Может быть, самое важное высказывание об Иенсе принадлежит ему самому. В интервью, опубликованном в 1998 году, он назвал себя «человеком со сломанным опытом». И еще: «Я не могу воспринимать жизнь во всей ее красочности. У меня отсутствует чувство реальности, понимаемое в самом широком смысле». Тем самым Иенс сказал, что отсутствовало в его романах и рассказах, в драматических произведениях, написанных для сцены, для телевидения или радио, — жизнь в ее красочности.
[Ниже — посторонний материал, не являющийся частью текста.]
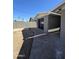 Exterior of the garage, with black door, gray paint, and concrete driveway at 2544 N 52Nd Ave, Phoenix, AZ 85035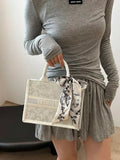 Elegant Structured Handbag with Printed Scarf Bow â€“ Classic Chic Style | Delicado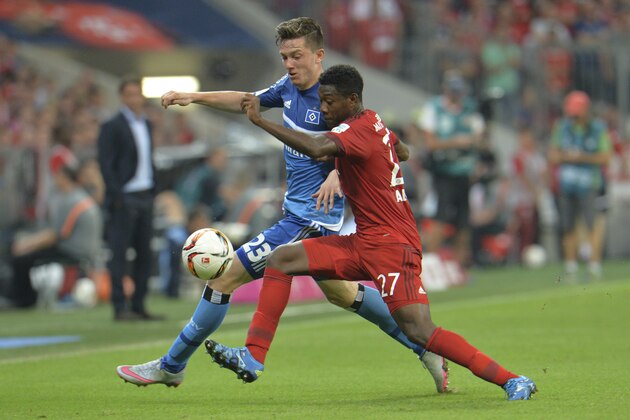 Hamburg’s Michael Gregoritsch, left, and Bayern's David Alaba challenge for the ball during the German Bundesliga soccer match between FC Bayern Munich and Hamburger SV in Munich, southern Germany, Friday, Aug. 14, 2015. (AP Photo/Kerstin Joensson)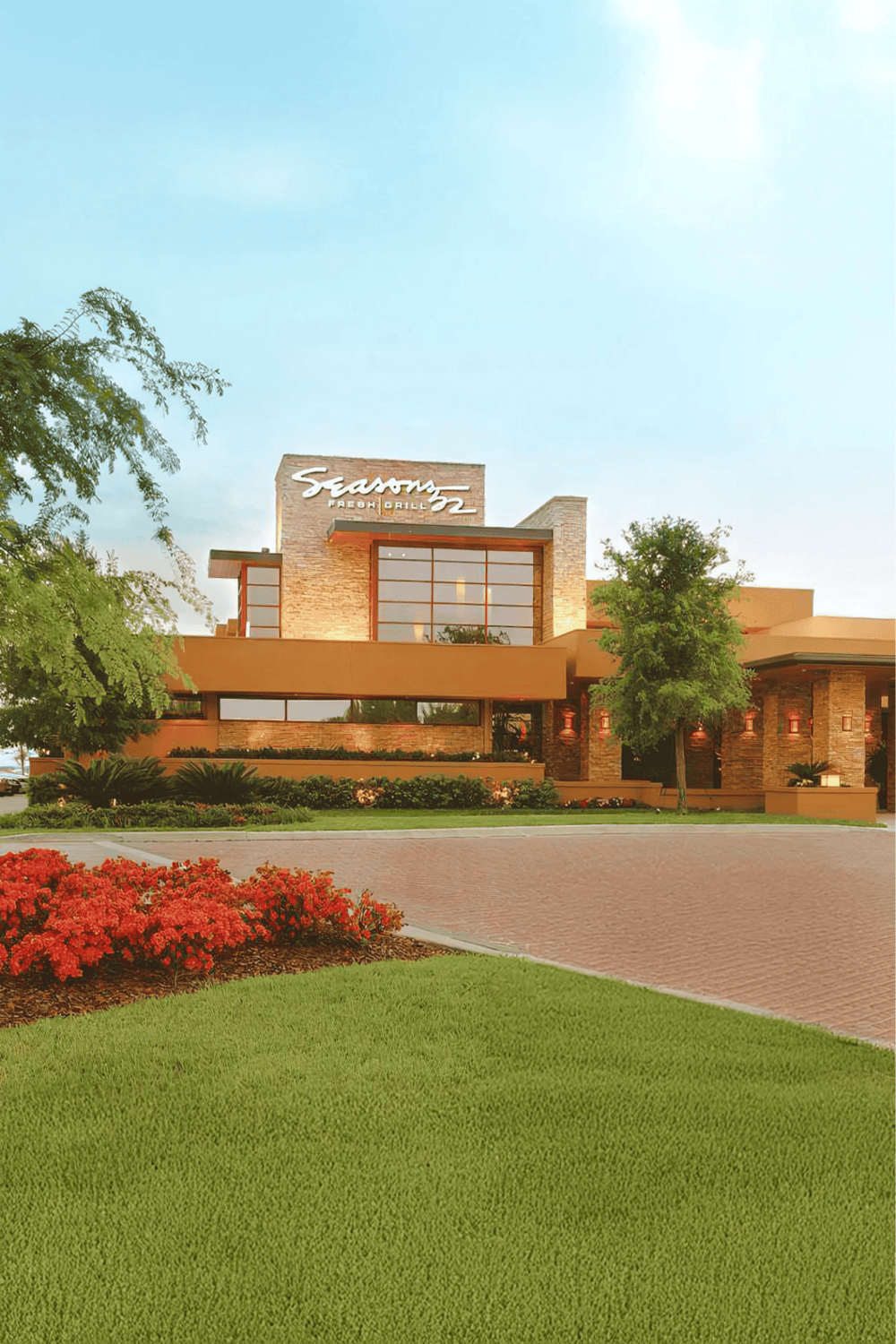 Modern restaurant building with greenery and flowers, exterior shot.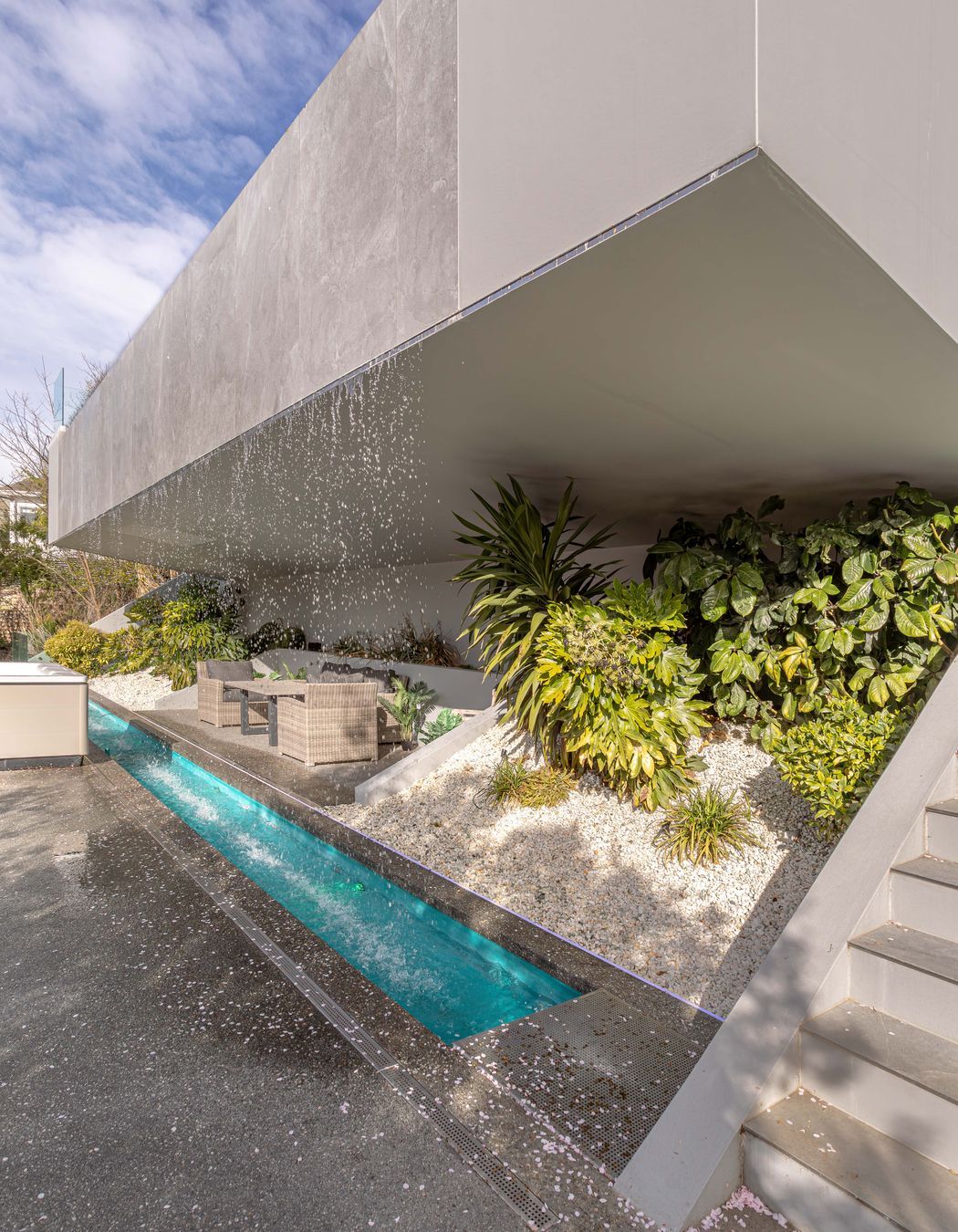 An intimate grotto is recessed behind the waterfall's downpour, complemented by lush foliage.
Он любит возвышенную игру с темами и тезисами, с вопросами и формулами, с мыслями и традицией, вернее, с тем, что передается из поколения в поколение. Но это игра не художника, а интеллектуала. Иенс, как и я, — завсегдатай литературного кафе, не имеющий такого кафе. Нашим кафе был телефон. Его стихия — не чувственно воспринимаемое, а дискурсивное. Поэтому его эпические и драматические попытки — не более и не менее как доказательства тезисов. Его важнейшие работы — речи, эссе и трактаты.
Так что не случайно, а, скорее, поучительно и логично то обстоятельство, что в обширном творчестве Иенса отсутствует эротическая тема: «Меня никогда по-настоящему не прельщали эти сюжеты. Нет, писать об эротическом я не хотел». Его противники утверждают, что Иенс не в состоянии отличить фугу Баха от вальса Штрауса «На прекрасном голубом Дунае». Это невероятное преувеличение. Но когда мы начинали говорить о Вагнере, — и на эту тему Иенс высказывался тонко, обнаруживая немалые знания, — у меня всегда складывалось впечатление, что он смело интерпретирует произведения композитора, не обращая внимания на музыку. Похоже, он считал ее каким-то мешающим, по крайней мере излишним, элементом.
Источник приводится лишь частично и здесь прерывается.